RUE DES DAMES de Hamé Bourokba et Ekoué Labitey

Cinq ans après Les Derniers Parisiens, Hamé et Ekoué (de La Rumeur) ne s’éloignent pas trop de Pigalle pour ce nouveau thriller nerveux et angoissant au ras du bitume de la Rue des Dames.

Lors d’une virée à Pigalle à l’occasion de la sortie de leurs Derniers Parisiens début 2017, les rappeurs et cinéastes du groupe La Rumeur nous promettaient : « On veut enchaîner sur un film avec des personnages féminins. Ça se passera entre la place et la porte de Clichy. Et ensuite une troisième histoire. On est plutôt à l’aise avec les trilogies. » Le contraire eut été un comble, les deux lyricistes les plus talentueux du rap français se tiennent parmi les hommes de parole. Cap sur l’Ouest donc, direction l’avenue de Clichy, à la frontière de deux arrondissements qui ne forment qu’un seul et même territoire. Du genre hostile, tout du moins dans leurs films. Garance Marillier y incarne l’employée d’un salon de manucure lancée dans une frénétique course contre la montre pour réunir une importante somme d’argent, pour payer le loyer et pour élever l’enfant qu’elle porte dans son ventre. Tandis qu’elle multiplie les combines, l’actrice – que l’on avait découverte cannibale dans Grave – croise la route de malfrats et de policiers, de tauliers et de zonards qui réussissent des coups ou se font prendre. Ainsi va le scénario de Rue des Dames : difficile de distinguer « les bons » et « les méchants », tout le monde erre entre les deux. Victime ou malfaiteur, le terrain est vague. Le personnage incarné par Garance Marillier en est un bon exemple, malgré son corps frêle et sa timidité apparente, elle semble capable d’allonger n’importe qui d’une châtaigne. L’instinct de survie, l’énergie de la colère. À ses côtés lutte également pour sa survie une troupe composée d’acteurs professionnels et de compagnons de route de La Rumeur dont on aurait, là aussi, bien du mal à distinguer les deux. Le rythme est soutenu et si l’atmosphère est aussi pesante, c’est peut-être qu’il n’y a dans le film aucune place pour les rêves ou pour quelconque forme d’évasion. Ici, on monte des affaires pour assouvir sa faim et sa soif, pour tenir le terrain, pas pour s’offrir des vacances aux Baléares. Même le footballeur plein aux as ne sait pas tellement quoi faire de sa fortune. On le laisse, pathétique, dans les vestiaires d’un stade municipal.

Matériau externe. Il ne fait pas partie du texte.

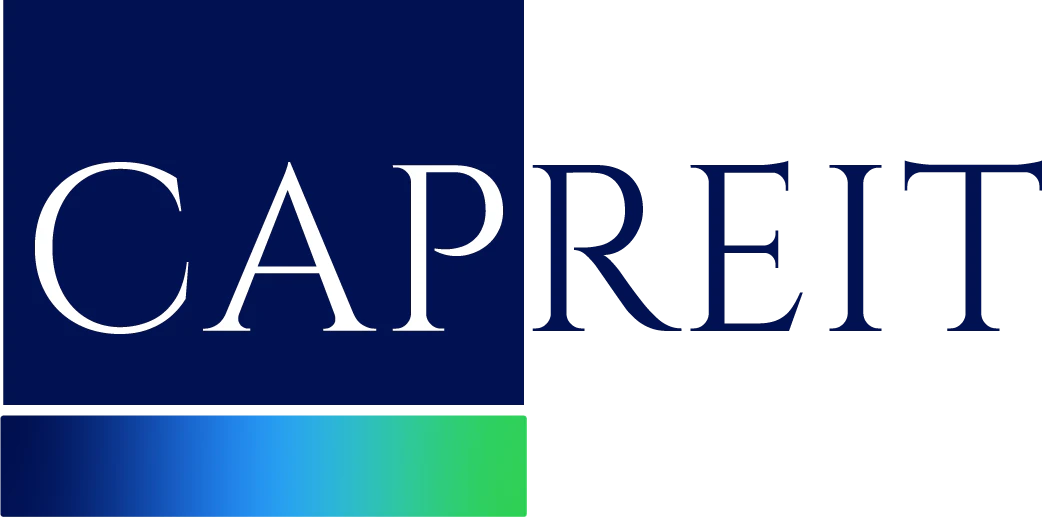 CAPREIT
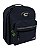 Mochila Company Classic New - MARINHO - Imagem 1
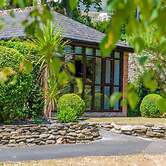 Charming Summerhouse in Fowey Town Center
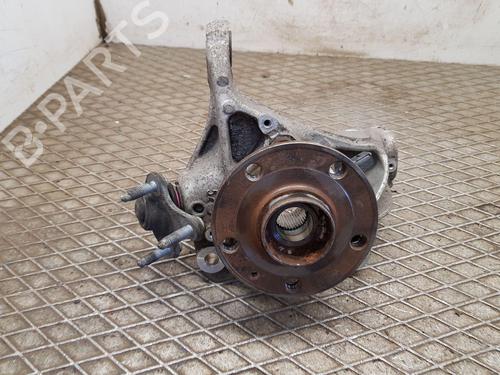 Used Right front steering knuckle Right front steering knuckle 36562913 36562913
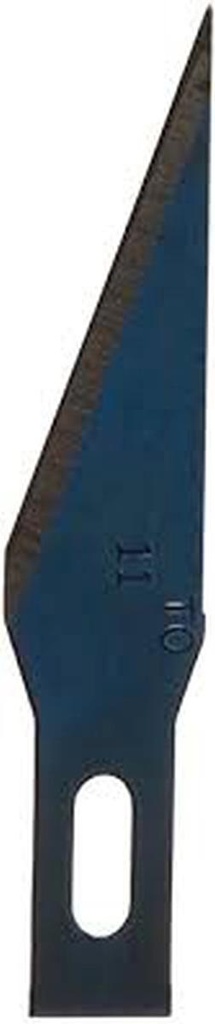 SHIMANO TL-BH62 BLADE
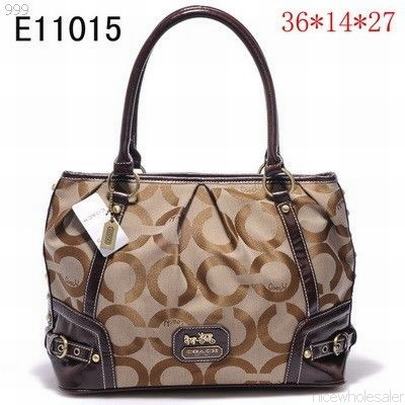 Coach handbags059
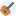 Guitaruser.ru Logo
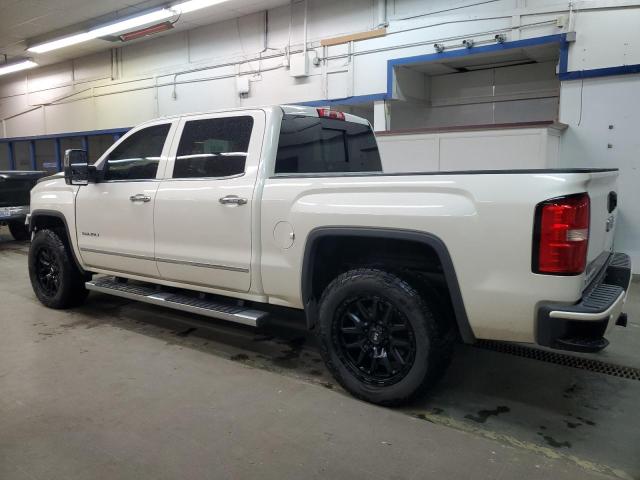 Photo 1 VIN: 3GTU2WEJ2FG359502 - GMC SIERRA K15 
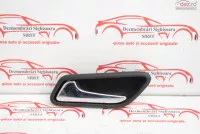 Maner Interior Usa Spate Stanga Mercedes A Class W169 618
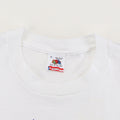1990s KU University Of Kansas Jayhawks Shirt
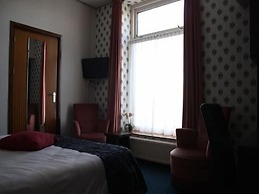 Hotel Zeezicht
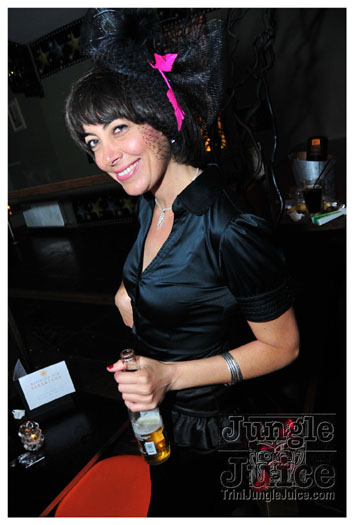 1950s_sweethearts_may28-096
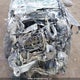 3KPF54AD7KE116732 2019 Kia Forte Ex auction photo thumbnail 10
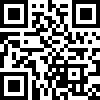 https://fa.abna24.com/x8y9c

Hamé et Ekoué nous ont promis une trilogie et ils vont donc tenir parole. On les imagine mal avancer plus à l’Ouest, vers « les parterres fleuris et généreux du boulevard Haussmann ». On prend le pari qu’ils se dirigeront vers le Nord, peut-être passeront-ils de l’autre côté du périph. À bien y réfléchir, on aimerait les voir réaliser un projet aussi serein et insondable que ce Rue des Dames est énergique et angoissant. Un film qui prend le temps, où se méfier de l’eau qui dort. Un gangster au seuil de la retraite qui tente un dernier coup fumant du côté des Puces ou sur les Docks de Saint-Ouen. Jean Gabin dans Mélodie en sous-sol ou dans Touchez pas au grisbi. C’est ça, on aimerait voir La Rumeur s’emparer du cinéma de papa et des dialogues à la Audiard qui ouvrent certains de leurs morceaux. Le coffre-fort ne suivra pas le corbillard, Les coulisses de l’angoisse, le titre est peut-être déjà là, caché dans leurs albums, insolemment cinématographiques. S’ils préfèrent rester dans leur 18ème, et on les comprendrait tant l’arrondissement passionne les cinéastes depuis des années, pourquoi ne pas changer d’époque, faire résonner la gouaille de petits malfrats et de vieux voyous dans les cabarets et les hôtels de passe du pied de la Butte Montmartre ? On se déplacera quoi qu’il arrive, tout cela nous met l’eau à la bouche.